-- DATA RECORDS follows --

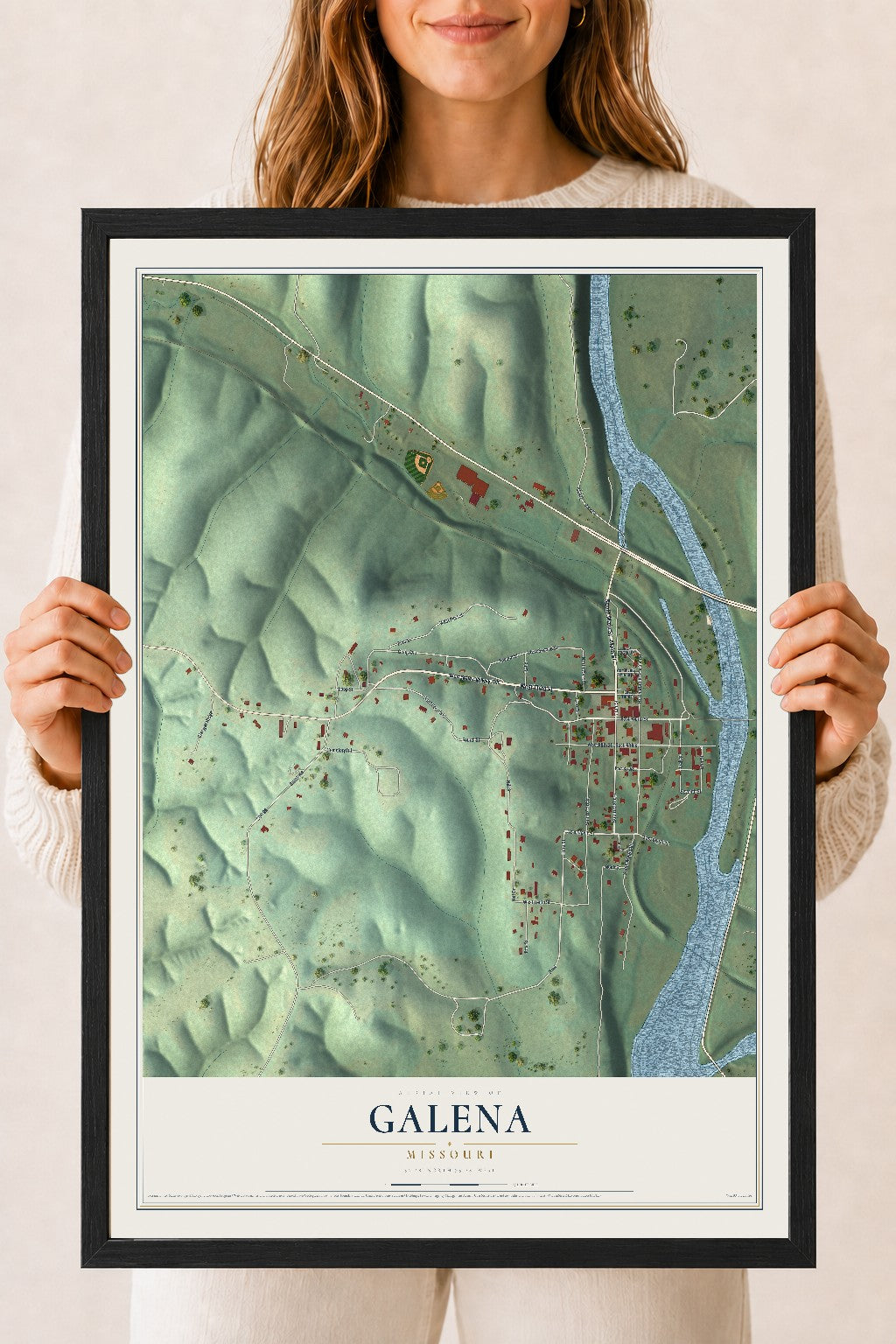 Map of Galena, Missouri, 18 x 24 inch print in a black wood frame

-- DATA RECORDS concluded --
-- DATA RECORDS follows --

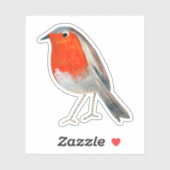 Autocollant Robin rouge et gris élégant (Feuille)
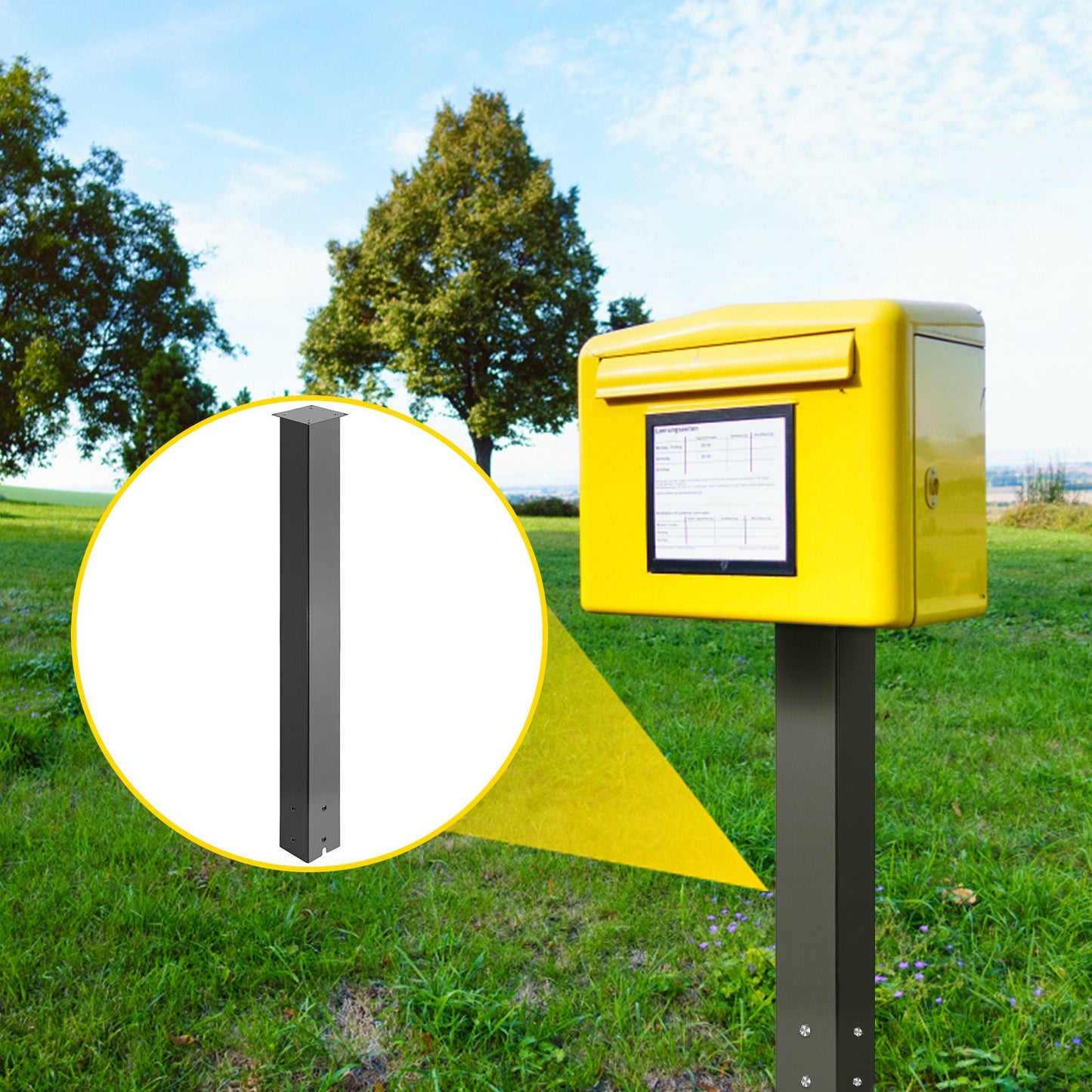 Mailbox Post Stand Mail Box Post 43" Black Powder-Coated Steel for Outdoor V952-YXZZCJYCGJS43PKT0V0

-- DATA RECORDS concluded --

* WHAT YOU ARE ASKED TO DO *
Without the pictures, give again exactly the lines above starting at the line containing "Autocollant Robin rouge" and ending at the line containing "Mailbox Post Stand".

* WRITTEN RESPONSE *
 Autocollant Robin rouge et gris élégant (Feuille)
 Mailbox Post Stand Mail Box Post 43" Black Powder-Coated Steel for Outdoor V952-YXZZCJYCGJS43PKT0V0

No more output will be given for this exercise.